Me and Earl and the Dying Girl (2015)

Me & Earl & the Dying Girl (film) POSTER.jpg
Death Prattle

Director: Alfonso Gomez-Rejon
Running Time: 105 Minutes
Starring: Thomas Mann, Olivia Cooke, Ronald Cyler II, Jon Bernthal, Nick Offerman, Connie Britton, Molly Shannon

As he nears the end of high-school, Greg (Thomas Mann) has managed to become a part of every social group, while never actually having somebody he can call a friend. The closest he has is Earl (Ronald Cyler II), his "co-worker" whom he makes classic film parodies with. After befriending classmate Rachel (Olivia Cooke), who's been diagnosed with leukaemia, his outlook begins to change.

Let's get it out of the way. Yes, this film will be compared to other films with a similar subject matter, like last years The Fault in Our Stars. But for all it's faults (I know), Josh Boone's film succeeded thanks to characters who were easy to care about and moments of emotion which felt genuine as they hit. As for Alfonso Gomez-Rejon's film, the same cannot be said.

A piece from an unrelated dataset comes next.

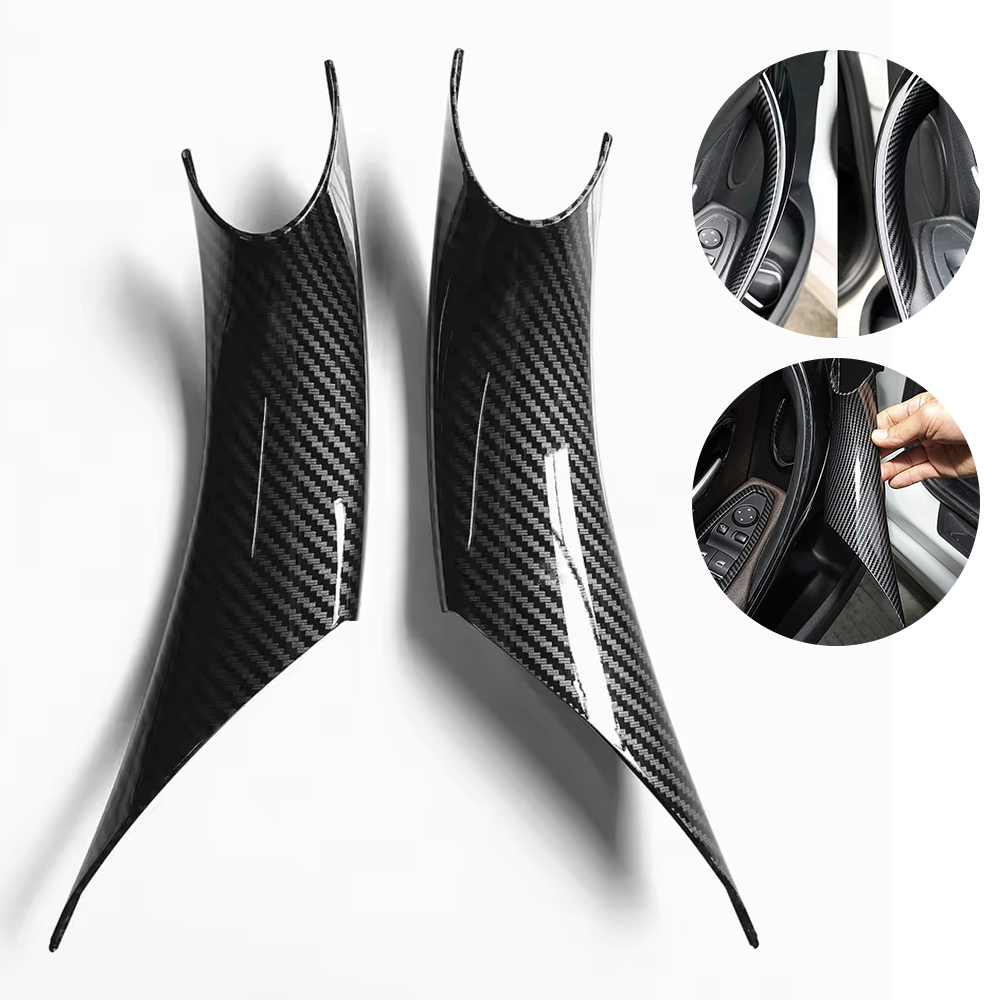 適用13-19款寶馬3系車門內拉手保護套 UB0296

What attempts there are to craft some substance are limited to dime-store philosophy, spouted by the weakly written characters. It appears Gomez-Rejon recognised this, so tried covering it up with a multitude of ways. Be it the distracting camera angles, the moments of quirk or the foreign cinema name-dropping, they each seem like a forced addition. The parodies of classic cinema are nice addition, but add little to the overall picture.

Thomas Mann tries his best with the role, but fails to make his character anything but a dull lead. Ronald Cyler II fairs better, as Earl seems like a more interesting character than our lead. Unfortunately, we get little more out of him than an info dump about Greg's not wanting to get hurt. Olivia Cooke gives the best performance out of our lead trio, as the titular "Dying Girl", better known as Rachel. The biggest problem about her character is how she's practically a learning tactic, utilized in order to have Greg learn something by the films climax. There are moments at the end, attempting to add character to what's essentially a plot device, but it feels too little, too late.

The adults don't serve much better, with Connie Britton and Nick Offerman portraying walking, talking devices of quirkiness more than actual characters. Jon Bernthal's teacher is there for the traditional single scene of attempted "bonding" with the lead, while Molly Shannon seems as though she's about to make a move on our 17 year old lead. Bizarrely, Hugh Jackman makes a voice cameo as a poster of himself from X-Men, an inclusion which doesn't feel at all justified.

Me and Earl and the Dying Girl can't escape it's lacking attempts at substance, nor its attempts of cover up through forced quirks, foreign cinema name-dropping or dime-store philosophy. There's a good film within here, it's just been done through better films.